Three young girls are dressed for an outing circa 1900. Robert Neff Collection

Laughing Through History is a column that explores the roots of Korean humor through the joke book “Kkalkkal Useum,” originally published in 1916.

Traditional Korean society valued boys over girls, in part because a male heir was considered necessary to continue the family line. But because parents couldn’t choose a baby’s sex, this became a significant point of anxiety when a baby was born. (It’s worth pointing out that this preference has decreased in contemporary Korean society.) And since one role of humor is to express social tensions, this lead to the appearance of a particular humor figure — the man with many daughters but no sons.
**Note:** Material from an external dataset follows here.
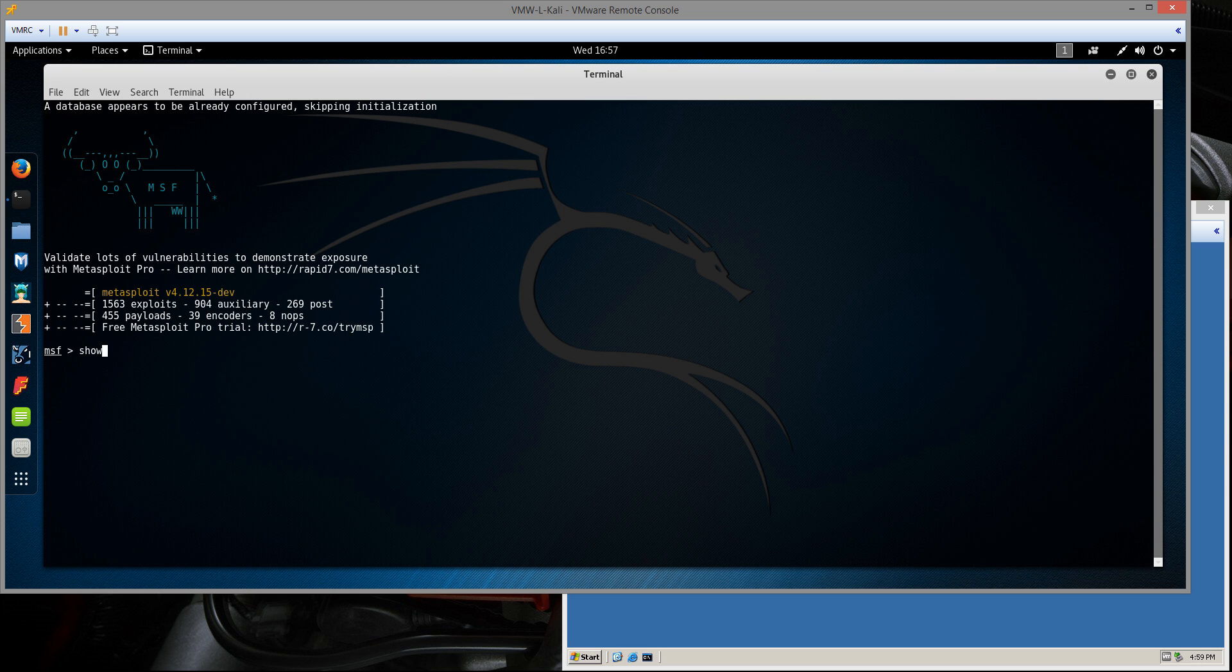But to get started, the first thing we need to do is type show exploits. This is going to return a big list of all the exploit modules that are available in this installation. Like I said, it is a big list, so it's going to take a second to load. I'm just going to skip ahead a little bit.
The two jokes below feature such characters. These jokes depend on the social background knowledge that having daughters but no sons is considered a terrible misfortune. In other words, the humor is sexist by definition.

The goal of translating them isn’t to make readers laugh (they probably won’t), but to provide a window to the era they come from, and possibly to provide insight into how humor from our own era works.

The second joke here mentions a theater called Gwangmudae, which existed from 1898 to 1930 and would have been in operation when this book was published. It was one of the earliest theater spaces in Korea, since traditional Korean performance genres used outdoor spaces and did not have separate buildings dedicated to them. Among the jokes in “Kkalkkal Useum,” this one stands out for depending purely on wordplay, with a string of synonyms used to make the man’s answer ironically indirect.

The Baby Looks Like Me Up Top, but it Looks Like My Wife Down Below

There was a prime minister who had nine daughters. His wife once again sensed that she was pregnant, and in the 10th month she felt that she was going into labor.

The prime minister sat outside the whole while, wondering whether she would give birth to a son this time.

Before long he heard a baby crying, and he impatiently asked, “Well, Wife? What did you give birth to?”